WHAT THIS TASK INVOLVES:
Below are entries with pictures in them. Output exactly the lines starting at the line with "Aantrekkelijke senior vrouw" and ending at the line with "Floral leaf design", both included, but not the pictures.

[DATA FOR THIS EXERCISE Boundary: Start]

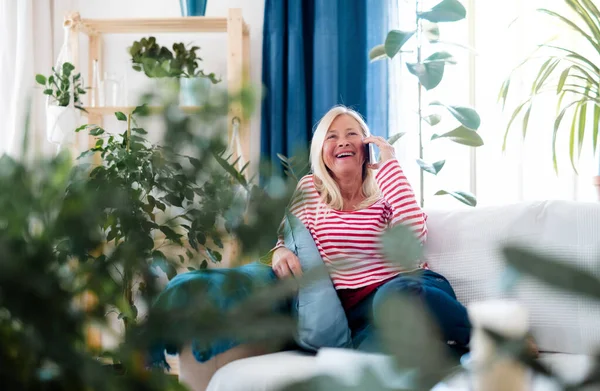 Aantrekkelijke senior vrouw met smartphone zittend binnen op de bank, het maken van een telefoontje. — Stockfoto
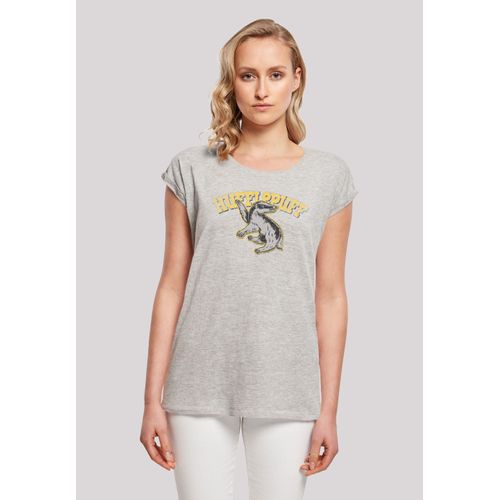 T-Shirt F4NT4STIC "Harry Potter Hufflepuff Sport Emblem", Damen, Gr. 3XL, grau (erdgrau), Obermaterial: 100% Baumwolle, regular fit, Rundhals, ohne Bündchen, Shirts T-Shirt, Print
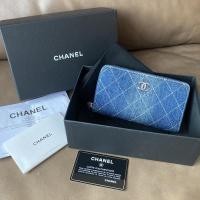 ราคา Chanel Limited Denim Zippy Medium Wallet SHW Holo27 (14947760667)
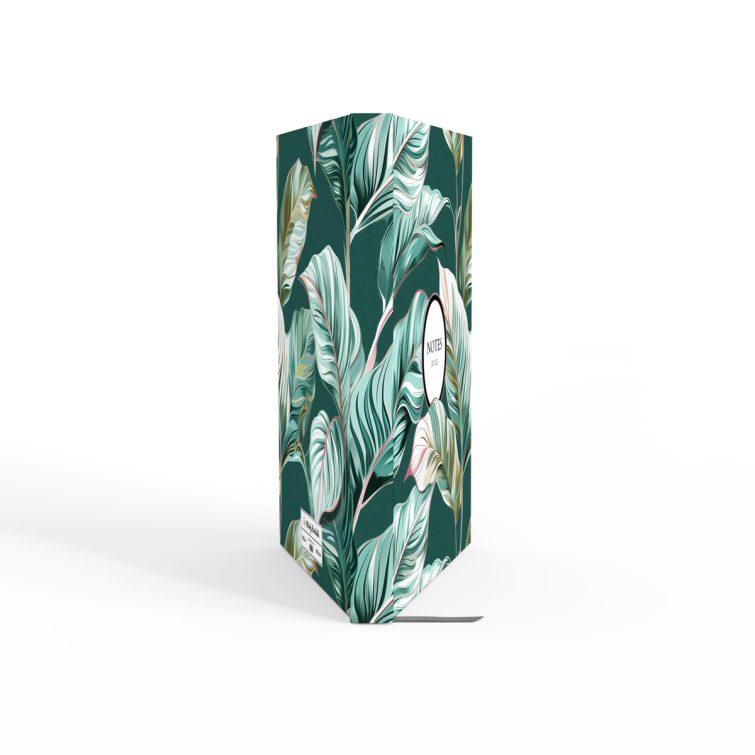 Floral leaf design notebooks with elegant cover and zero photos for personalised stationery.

[DATA FOR THIS EXERCISE Boundary: End]
[DATA FOR THIS EXERCISE Boundary: Start]

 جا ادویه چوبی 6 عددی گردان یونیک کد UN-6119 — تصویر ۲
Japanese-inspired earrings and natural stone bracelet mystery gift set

[DATA FOR THIS EXERCISE Boundary: End]

THE ANSWER:
 Aantrekkelijke senior vrouw met smartphone zittend binnen op de bank, het maken van een telefoontje. — Stockfoto
 T-Shirt F4NT4STIC "Harry Potter Hufflepuff Sport Emblem", Damen, Gr. 3XL, grau (erdgrau), Obermaterial: 100% Baumwolle, regular fit, Rundhals, ohne Bündchen, Shirts T-Shirt, Print
 ราคา Chanel Limited Denim Zippy Medium Wallet SHW Holo27 (14947760667)
 Floral leaf design notebooks with elegant cover and zero photos for personalised stationery.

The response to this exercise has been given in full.